Non le piaceva ricevere quelle spintarelle –benché
leggere- dai propri genitori, pensava di essere
stata abbastanza chiara.
Ma i coniugi Roth non consideravano spintarella convincere un loro
datore di lavoro ad affidare l’incarico alla figlia, no: era
solo un onesto e
sincero consiglio mirato a far emergere la valida e notevole
professionalità di
una psicologa che stimavano molto.
Sì, ci sapevano fare con
le parole e sì, loro adoravano
esercitare quel loro
indiscusso potere ascendente.
Per qualche assurdo motivo credevano
di aver utilizzato quel
loro potere, anni orsono, anche su di lei spingendola a varcare la
soglia del loro vecchio college e
seguire le loro stesse orme.
Loro, loro, loro.
Da quando aveva tredici anni
–ed intrapreso quella tortuosa
e infelice fase denominata adolescenza- ogni litigio si concludeva con
una sua
invettiva: smettetela di psicanalizzarmi!

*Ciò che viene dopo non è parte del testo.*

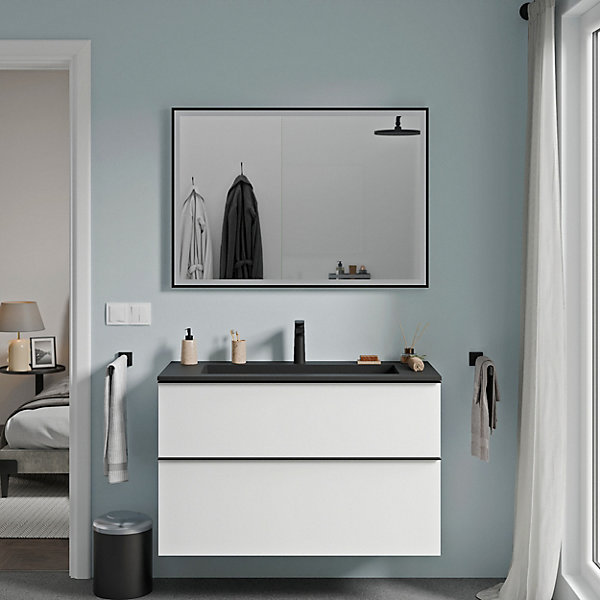 Miroir rectangulaire salle de bain LED 70x100cm(HxL) cadre noir, antibuée, lumière réglable, capteur de mouvement, VARO FRAME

Sebbene Gloria Roth e Rio Roth
fossero dei famosi e
strapagati psicologi, non erano mai riusciti a capire la figlia.
Probabilmente
perché –come sempre- le cose avevano una diversa e
distorta prospettiva se si
osservavano troppo da vicino.
Così, pervasi da uno
stupido senso di colpa, cercavano in
tutti i modi di far lavorare la loro unica figlia, vittima
del loro abbagliante successo, appena uscita dal college.
La loro superbia era troppo radicata
per fargli comprendere
che no, non aveva scelto il loro dannato college per una qualche sorta
di
idolatria. Semplicemente le piaceva.
I suoi amici le avevano di continuo
domandato se credeva
seriamente che la psicoanalisi fosse valida perché, secondo
la loro scanzonata
opinione, non valeva un penny, anzi – aggiungevano
ridacchiando- valeva molti penny
solo per coloro che
disegnavano ghirigori sul taccuino a scapito dell’illuso
sdraiato sul divano. Lei
puntualmente sospirava e alzava le spalle: era ovvio che la
psicoanalisi fosse
valida fino ad un limitato punto e
la
maggior parte delle volte serviva semplicemente a dare delle
giustificazioni a
dei comportamenti umani, sgravando il paziente da quel macigno di
responsabilità e dando un posto di rilievo ad un presunto
lavoro
dell’inconscio.
Poi sorrideva e scuoteva la testa,
ammettendo che proprio in
questo non c’era nulla di male: permetteva alle persone di
sentirsi meglio, di
conoscersi meglio e, soprattutto, di migliorarsi.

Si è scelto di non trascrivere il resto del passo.